Wikipedia noemt signifier ook wel "sound-image" en signified "concept". In dat geval  vind ik de betekenisdrager en de betekenis vrij goed. Of de conceptdrager en het concept. Of misschien de uitdrukking en het uitgedrukte.


----------



## eno2

Red Arrow :D said:


> Wikipedia noemt signifier ook wel "sound-image" en signified "concept".


  Da's geen vertaling...Maar ja, inderdaad, het gaat over iets materieels en fysisch, in tegenstelling tot de betekenis. Klankbeeld staat natuurlijk wél in DVD, dat had ik gecheckt. Je zou dan een semiotische betekenis moeten toevoegen, want klankbeeld wordt al voor iets anders gebruikt, dat we wel goed kennen..


> In dat geval  vind ik de betekenisdrager en de betekenis vrij goed.


Ja, beter betekenisdrager toevoegen.



> Of de conceptdrager en het concept.


Kan, maar dan liever betekenisdrager.

Of misschien de uitdrukking en het uitgedrukte.
Nee, dat betekent teveel hetzelfde in de algemene gebruik. Aangezien het om een "nieuw" gebruik gaat, beter een "nieuw woord" gebruiken. 

Het Duits gebruikt, zoals Wiki,  *Significant*. Ook geen slechte oplossing.


----------



## bibibiben

_Signifiant_: betekenaar, betekenende of betekenisdrager (minder algemeen: significant)
_Signifié_: betekenis of betekende (minder algemeen: significaat)

Van Dale noemt inderdaad niet alle mogelijkheden.


----------



## eno2

Tja, noch significant noch betekenaar noch betekenisdrager noemen,  dat is niet weinig, dat is niets.

Tussen betekenis en betekende is er in het algemeen gebruik geen verschil (van betekenis).
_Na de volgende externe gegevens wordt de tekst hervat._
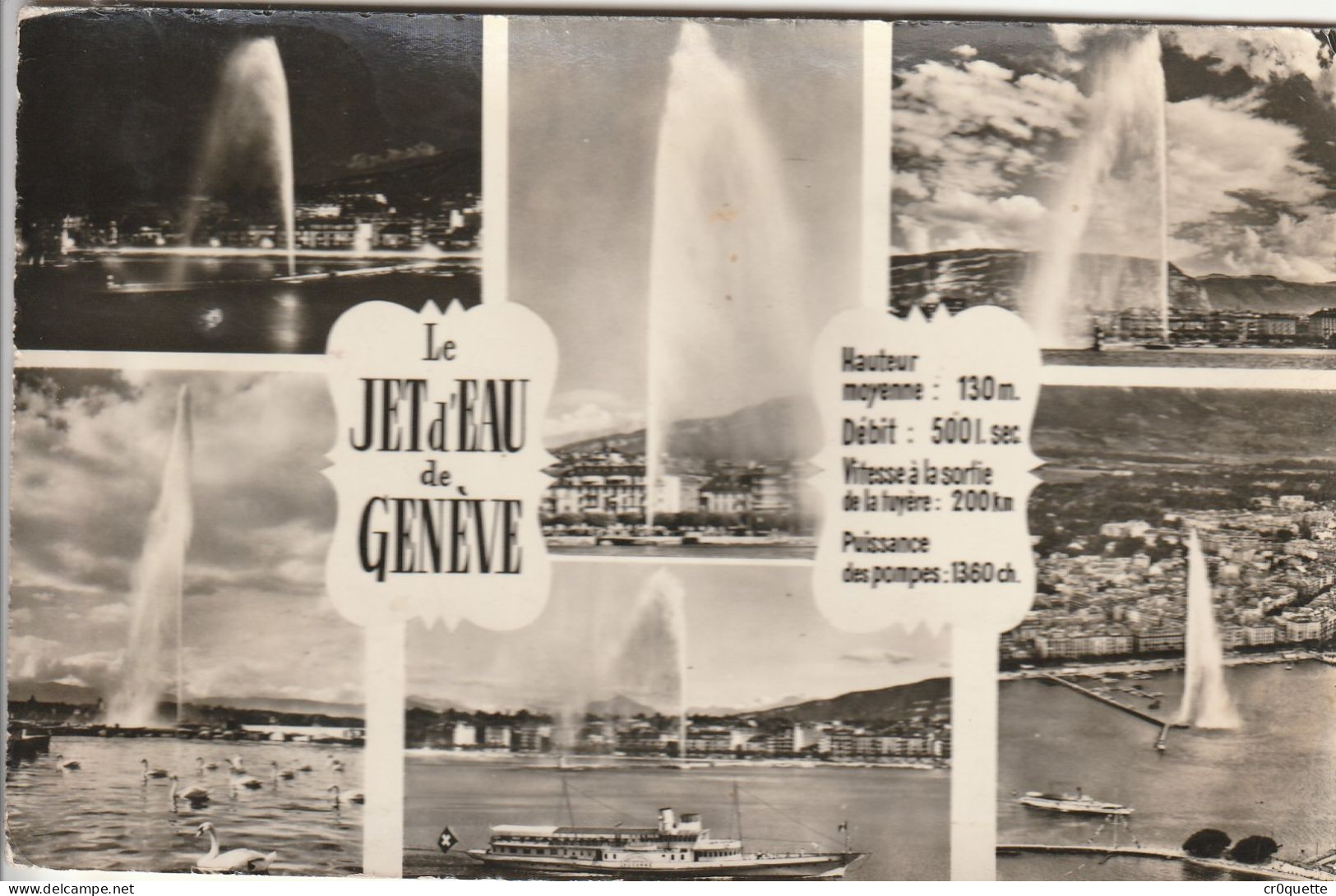 # SUISSE - GENEVE / 14 CARTES POSTALES En 1952 - Autres & Non Classés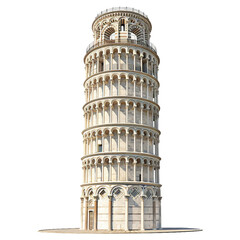 leaning tower of pisa in tuscany italy landmark png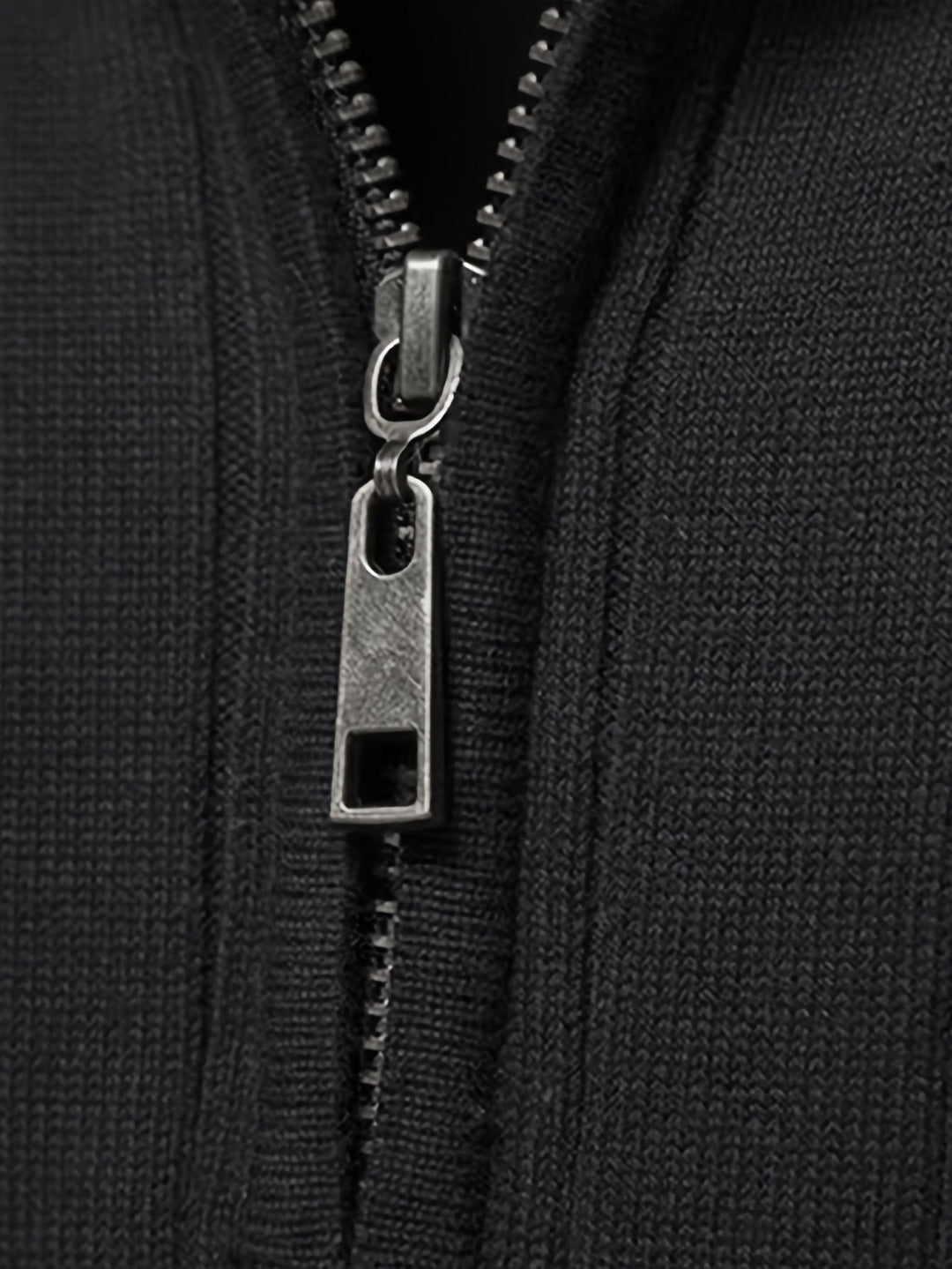 Reid | Quarter-Zip Stand Collar Sweater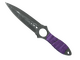 ★ Skeleton Knife | Ultraviolet (Battle-Scarred)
Betekenis kan dus niet (en mag ook niet) gebruikt worden voor betekenaar.

"Het betekende" heeft geen eigen lemma, laat staan een eigen semiotisch lemma.


----------



## eno2

Signifier is Engels.  Bleek al duidelijk uit het genoemde vaste paar signifier en signified.
De context is aangegeven door te zeggen dat het een begrip is uit de semiotiek.
De Saussure, de grondlegger, had het over semiologie, tegenwoordig meer semiotiek genoemd.

De terminologie van de semiotiek lijkt in het Nederlands nog niet eenduidig "gestold" te zijn.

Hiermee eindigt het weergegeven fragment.